-- ACTIVITY --
Restate all of the following data exactly, keeping any images out of the copy.

-- DATA PROVIDED --
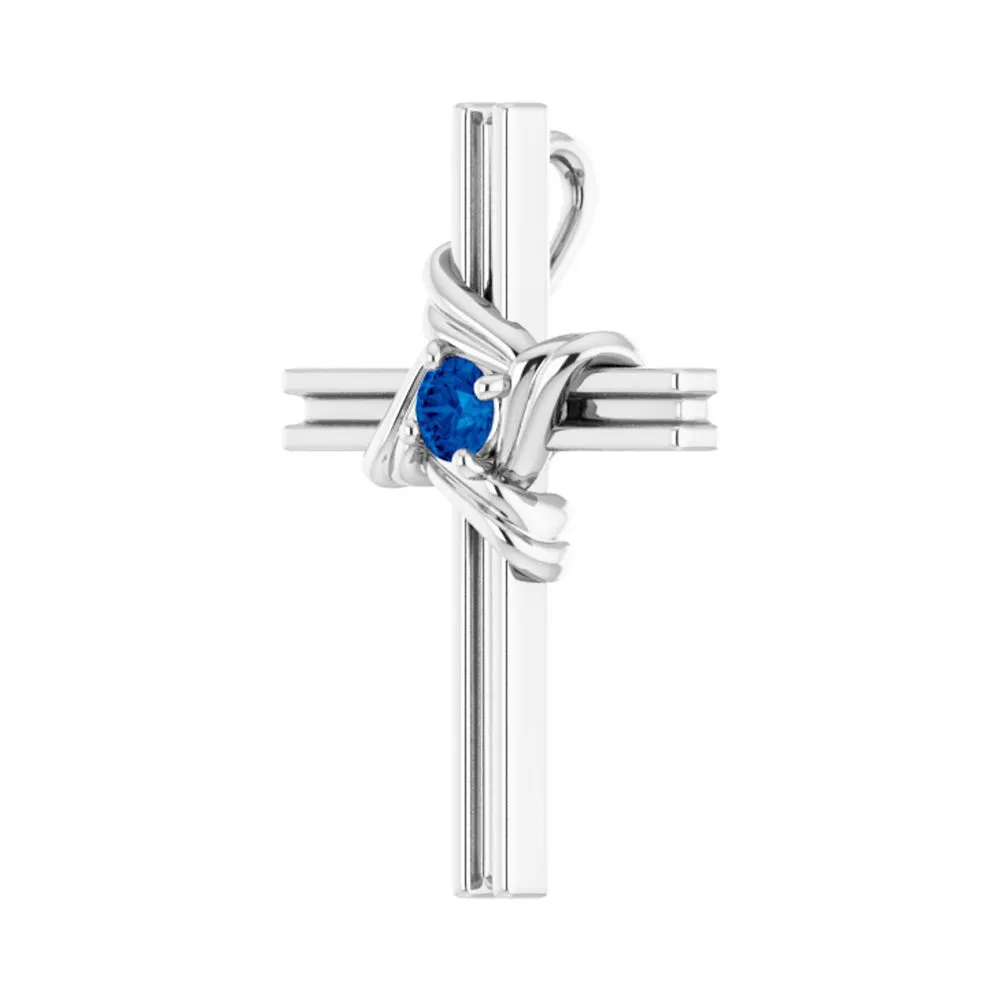 14K Two Tone, White or Yellow Gold Blue Sapphire Cross Pendant 13x18mm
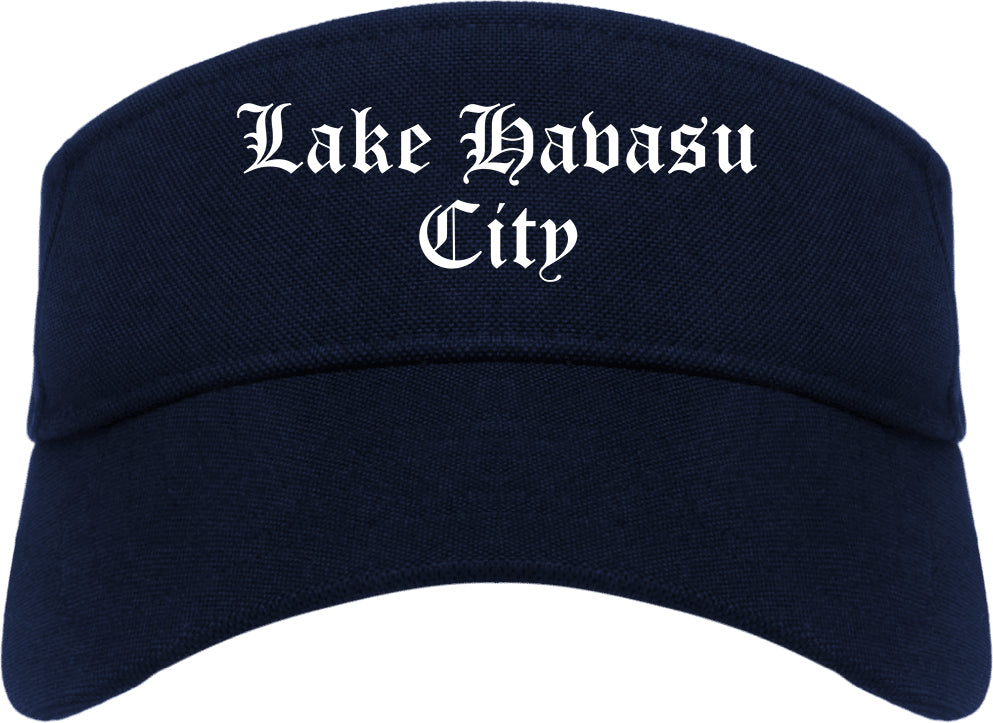 Lake Havasu City Arizona AZ Old English Mens Visor Cap Hat Navy Blue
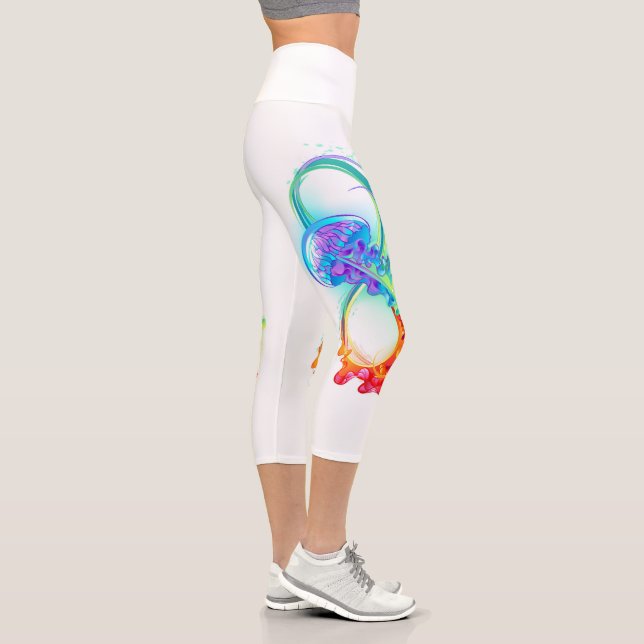 Leggings Capri Infinity avec Rainbow Jellyfish (Droite)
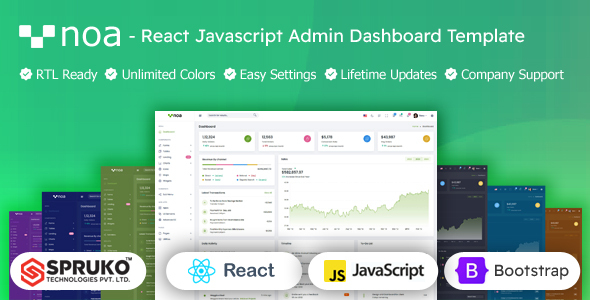 Noa – Admin Dashboard Template Reactjs Javascript Bootstrap – 0 Sold!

-- EXERCISE ANSWER --
 14K Two Tone, White or Yellow Gold Blue Sapphire Cross Pendant 13x18mm
 Lake Havasu City Arizona AZ Old English Mens Visor Cap Hat Navy Blue
 Leggings Capri Infinity avec Rainbow Jellyfish (Droite)
 Noa – Admin Dashboard Template Reactjs Javascript Bootstrap – 0 Sold!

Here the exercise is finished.